Аннотация:
«Персонажи разговаривают на живом языке, и их проблемы – это те проблемы, которые переживают реальные люди. Говоря это, я имею ввиду не то, что мы все наркоманы, каковыми являются почти все герои пьесы, или что у нас у всех есть такой ужасный и мучительный опыт, как у них, а то, что Сорокину удалось то, что удается хорошим писателям – он довел ситуацию до крайности, в которой сфокусировалось все то, что действительно имеет место в реальной жизни».
Джон Фридман (г-та «The Moscow Times», от 19-25.11.1999)

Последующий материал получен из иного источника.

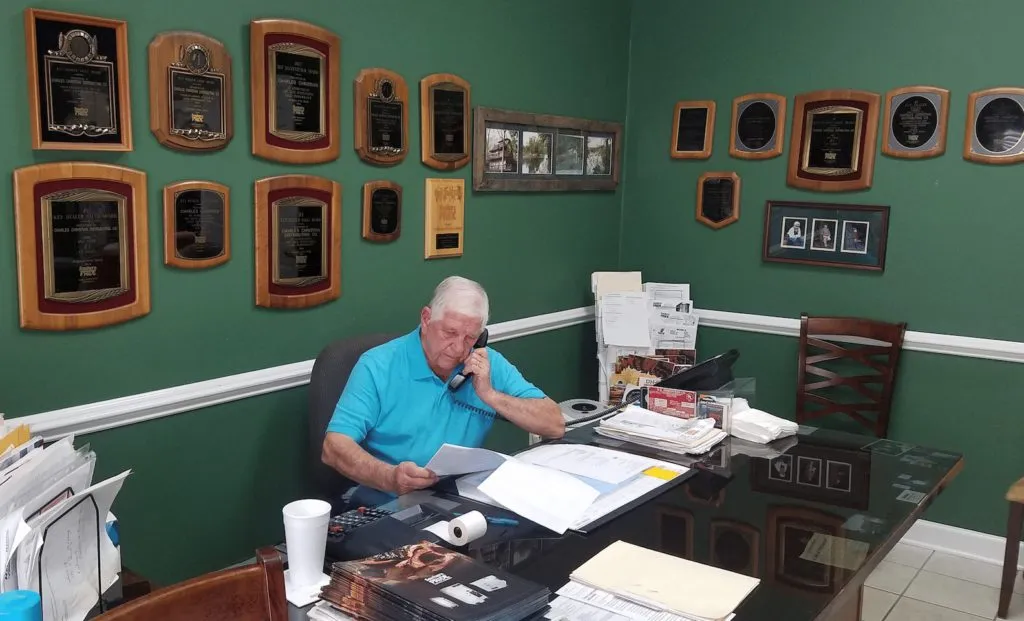 At the office desk, with framed awards on the wall behind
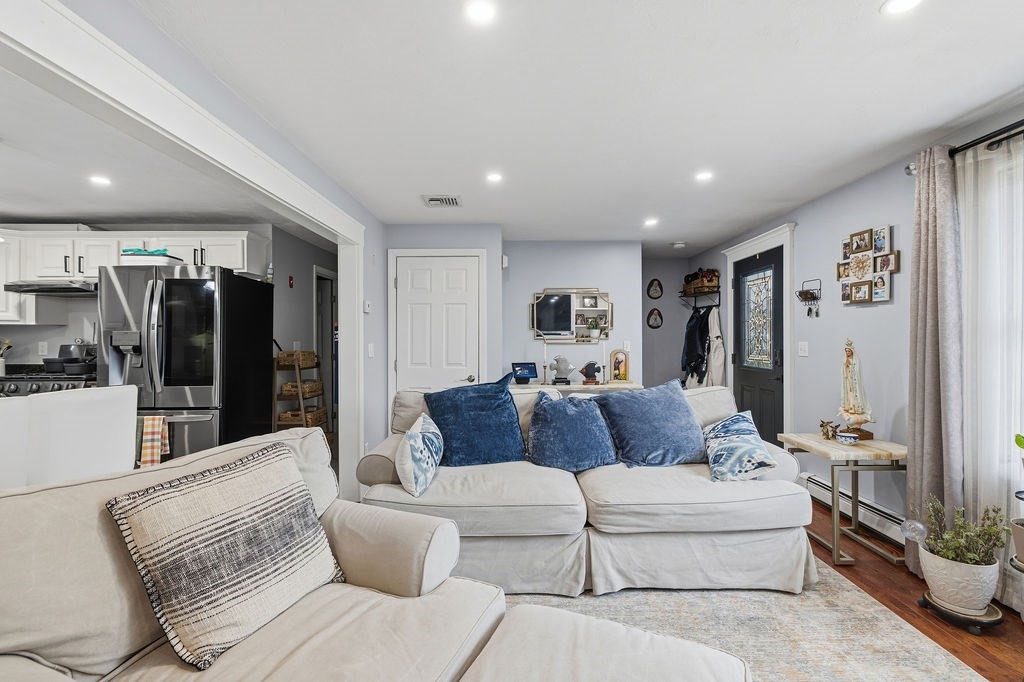 16 Perry Avenue, Unit 16 Taunton, MA 02780 - Photo 10 of 40 a living room with furniture and a large window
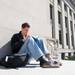 University of Michigan senior Andrew Curran reads a book outside of Angell Hall on Saturday, March 30.
Courtney Sacco I AnnArbor.com   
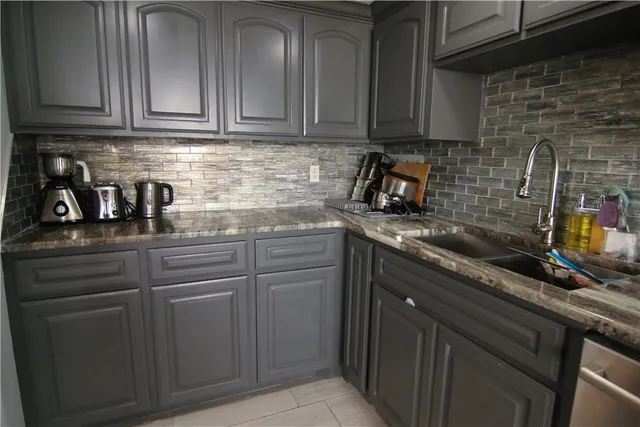 a view of white cabinets with wooden floor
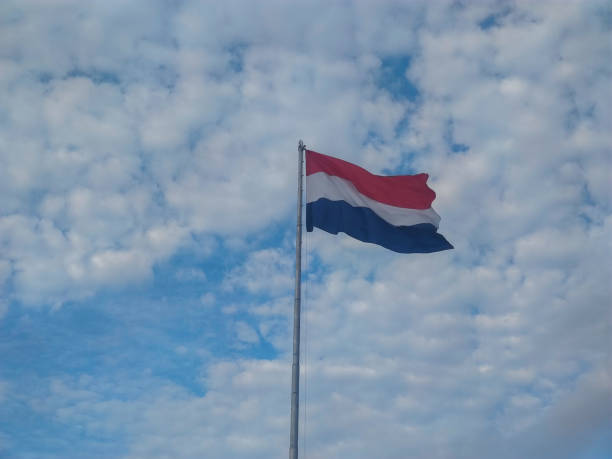 Paraguay flag on the flagpole in the blue sky.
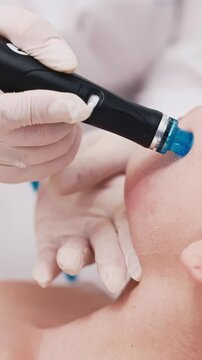 Close-up Hydrofacial treatment. Extraction, exfoliation, infusion, peel, hydration. Showcase effective skincare with rejuvenating anti-age treatment, advertising. Vertical footage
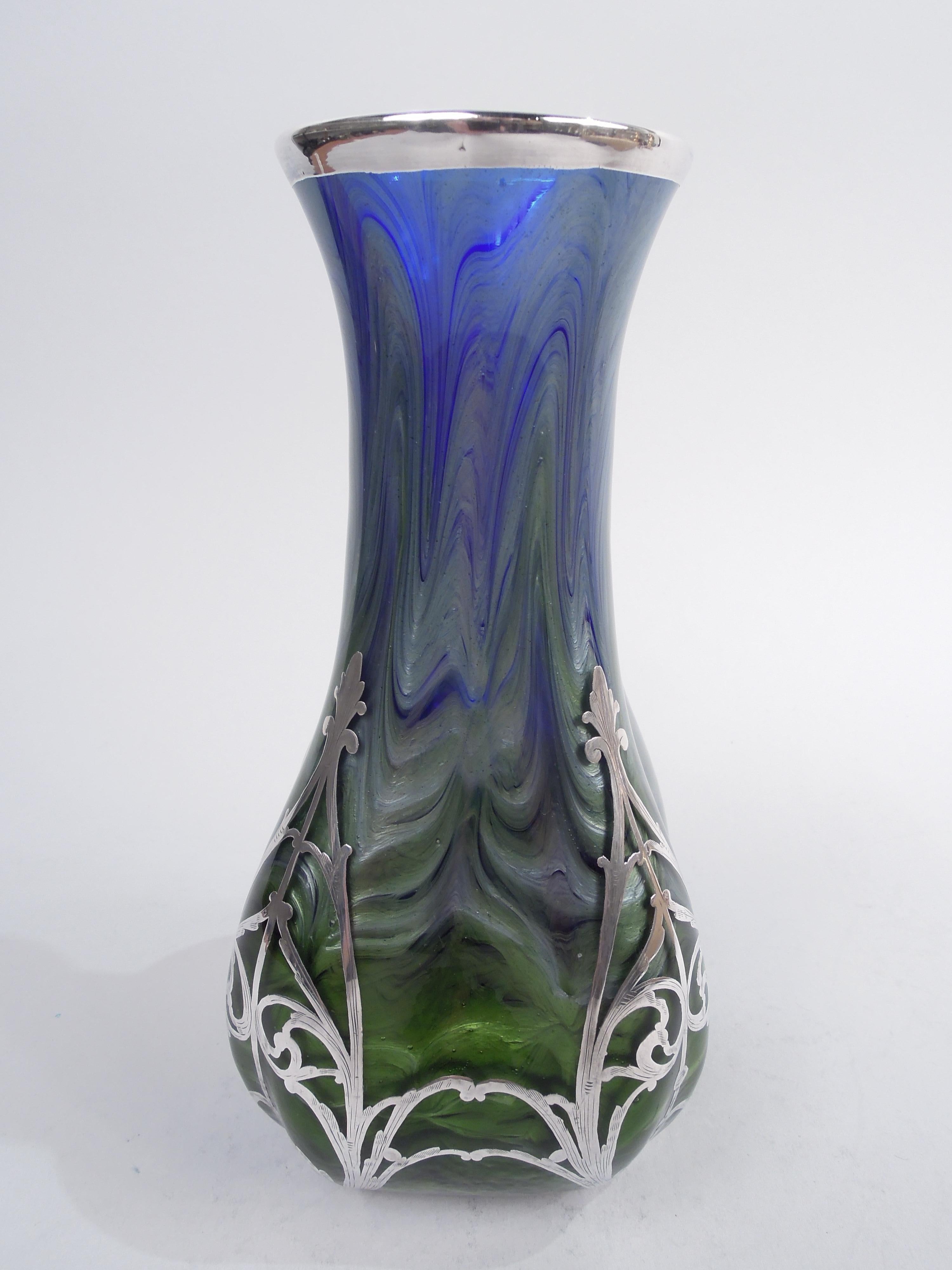 Gorgeous Titania glass vase by historic maker Loetz with engraved silver overlay, ca 1900. Upward tapering sides with gently flared mouth. Sides concave and corners chamfered. Overlay in form of vertical leafing scrollwork mounted at corners and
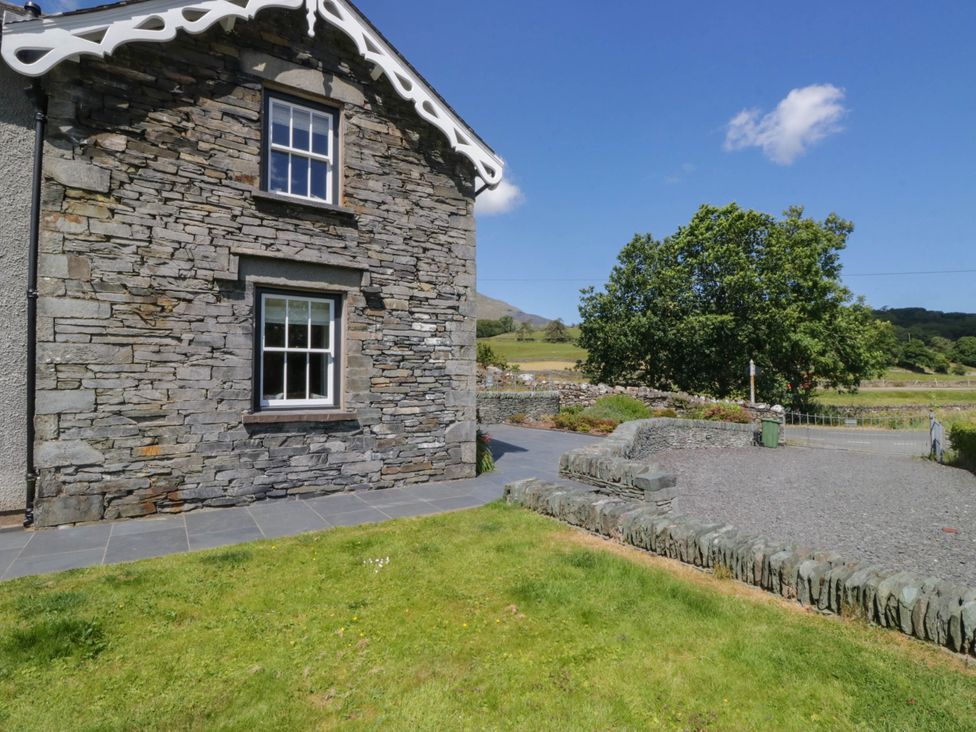 An outdoor view of a stone house with a window at Cragg Cottage in Coniston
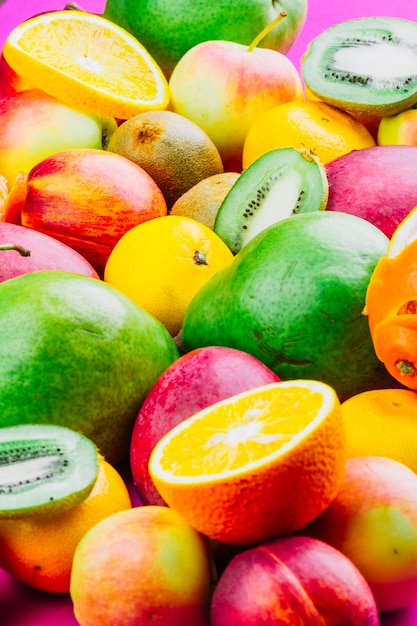 Photo gratuite mélange de fruits entiers et tranchés colorés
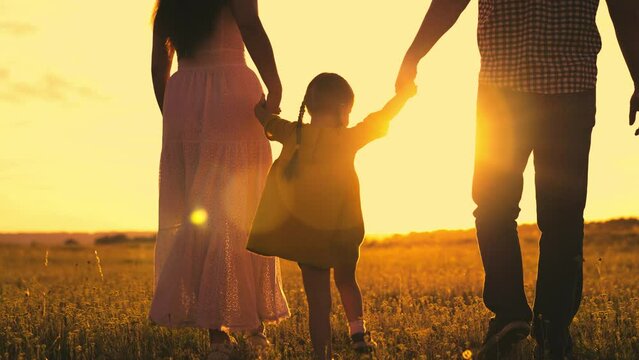 happy cheerful child jumping across field with mother father sunset. happy family together. journey kid child park sun. playground run. mom dad walk with child. parents hold kid by hands against sky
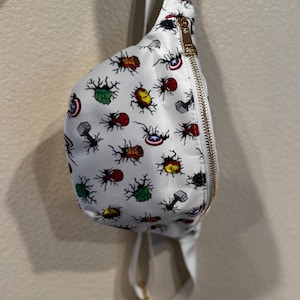 May include: White fanny pack with a zipper closure and a gold zipper pull. The fanny pack has a white background with a repeated pattern of various Avengers characters, including Iron Man, Captain America, Thor, and Hulk.
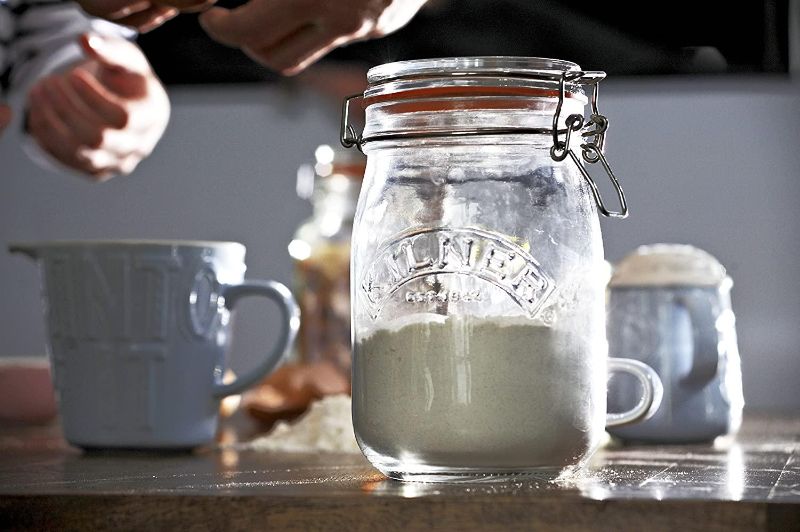 Kilner Round Clip Top Jar Glass, 1L, with embossed design and airtight seal for versatile, stylish food storage.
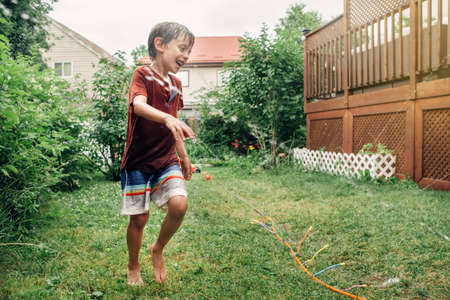 Preschool kid boy splashing with gardening hose sprinkler on backyard during summer day. Child...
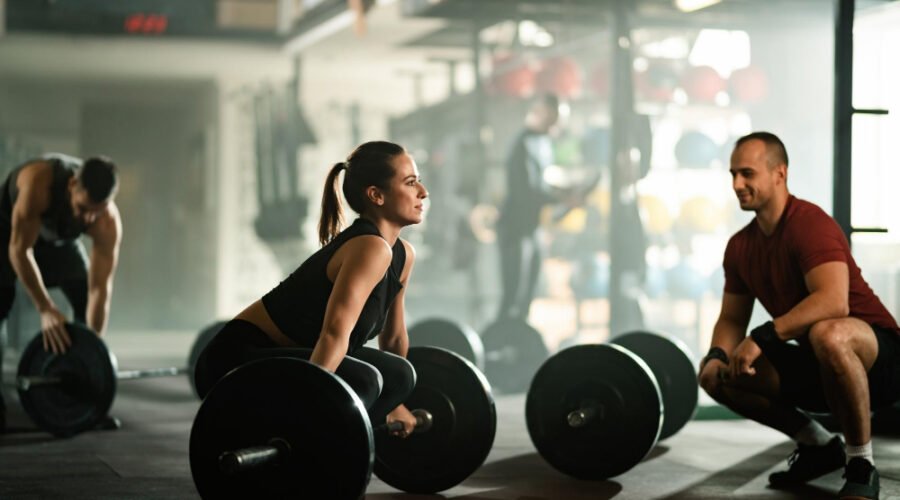 Woman lifting heavy bar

«…Сообразно канонам, дело увенчивают светлые прощальные монологи бомжей (от дозы они все-таки помрут); в этих монологах много словесной спермы и виртуального кала, но театральная реальность ведь к словам не сводится. Сценическая мощь Театра «На Юго-Западе» компенсирует текстуальную чернуху: постановка аскетична и патетична; актеры горюют о своих героях и виртуально манипулируют с бочками, единственным здесь реквизитом; Валерий Белякович уверенно извлекает урок чистого человеколюбия из-под фирменной сорокинской грязи».
Лев Аннинский (г-та «Культура», №47 (7207) от 14-20.10.1999)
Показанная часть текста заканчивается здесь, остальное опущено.